Input data:
_ _ _ _ _

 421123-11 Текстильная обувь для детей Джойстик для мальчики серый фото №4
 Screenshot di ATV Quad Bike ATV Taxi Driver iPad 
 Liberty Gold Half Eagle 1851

_ _ _ _ _

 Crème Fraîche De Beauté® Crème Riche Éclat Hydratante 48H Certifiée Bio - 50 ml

_ _ _ _ _

Exercise goal:
Starting at the line above that holds "421123-11 Текстильная обувь" and ending at the line that holds "Liberty Gold Half Eagle 1851", transcribe each line exactly and include no other lines.

Result below:
 421123-11 Текстильная обувь для детей Джойстик для мальчики серый фото №4
 Screenshot di ATV Quad Bike ATV Taxi Driver iPad 
 Liberty Gold Half Eagle 1851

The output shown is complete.